Analysts still see plenty of room for growth for Vietnamese banks in retail lending. Currently, retail banking accounts for about 30% of the system’s loans, while it is closer to 60-70% elsewhere. “There is a lot of headroom for Vietnamese banks to grow in totality, but they can also grow very fast because the retail penetration is very low,” Mr Pandey says. “And as the retail loans increase their share you will find that the net interest margin of the banks will improve because retail loans tend to have higher yields, plus the risk to the system will reduce because these loans are gradual in nature.”

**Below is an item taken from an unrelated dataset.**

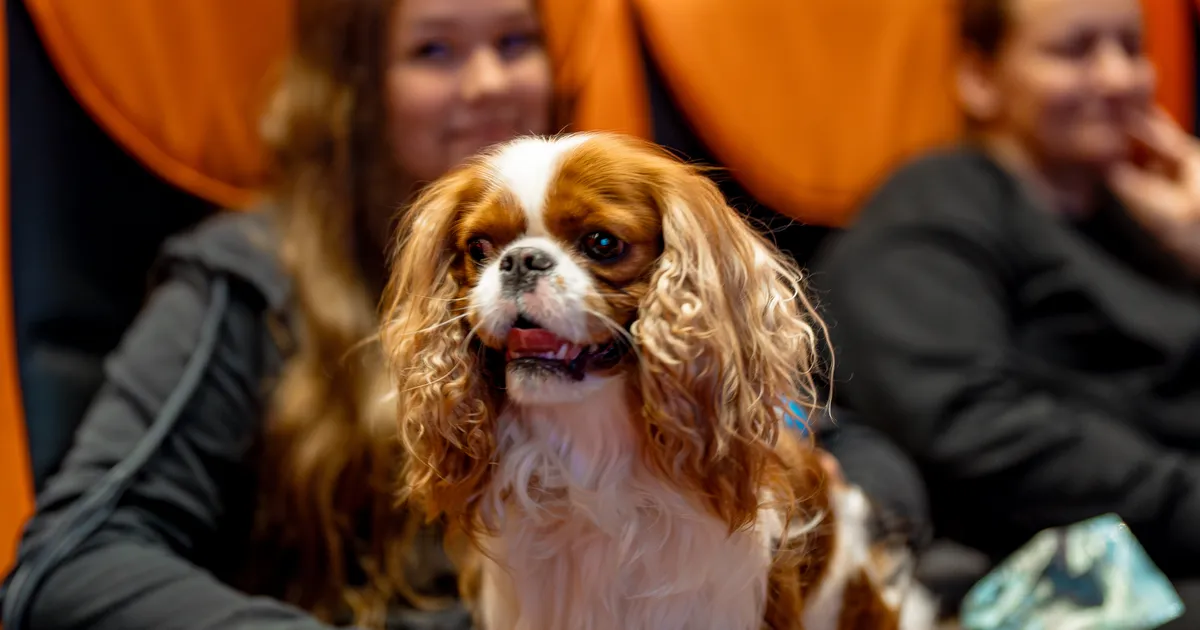 Sel nädalavahetusel saab koos koeraga kinno minna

While Covid may have made consumer finance a riskier proposition, analysts predict an acceleration of retail lending in the more conservative property and mortgage sector next year. “While there has been a slowdown in overall lending growth for most banks, what we are seeing is that residential mortgages continue to post fairly strong growth, with some banks registering double-digit year-on-year expansion in 2020,” says Tamma Febrian, associate director of Asia-Pacific financial institutions at Fitch Ratings. “Despite the fact that there has been a slowdown in the economy, the property market is still relatively resilient,” he adds. 

And since most loans still use property as collateral in Vietnam, a resilient property market might be good news for Vietnam’s uncertain NPL outlook too. “An NPL crisis did not materialise in 2020 because Vietnam’s economy just didn’t feel the full brunt of the pandemic,” says Willie Tanoto, director of Fitch’s Asia-Pacific financial institutions. “In our view, banks’ underwriting and risk management remain untested, and asset quality could have been significantly worse if the economic shock had been more severe.”